**** Extracted entries ****
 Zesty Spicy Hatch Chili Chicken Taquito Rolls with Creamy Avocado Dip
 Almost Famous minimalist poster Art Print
****
**** Extracted entries ****
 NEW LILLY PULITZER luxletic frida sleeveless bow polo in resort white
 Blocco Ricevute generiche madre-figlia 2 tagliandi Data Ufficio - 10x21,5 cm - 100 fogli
****
**** Extracted entries ****
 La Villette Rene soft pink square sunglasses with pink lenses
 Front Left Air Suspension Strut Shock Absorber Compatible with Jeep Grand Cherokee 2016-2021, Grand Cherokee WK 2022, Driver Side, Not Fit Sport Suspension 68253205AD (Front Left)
****
Goal of the exercise >>
Working from the material above, restate word for word the lines between the line with "La Villette Rene" and the line with "Front Left Air", both included, and only those.

Result of this task >>
 La Villette Rene soft pink square sunglasses with pink lenses
 Front Left Air Suspension Strut Shock Absorber Compatible with Jeep Grand Cherokee 2016-2021, Grand Cherokee WK 2022, Driver Side, Not Fit Sport Suspension 68253205AD (Front Left)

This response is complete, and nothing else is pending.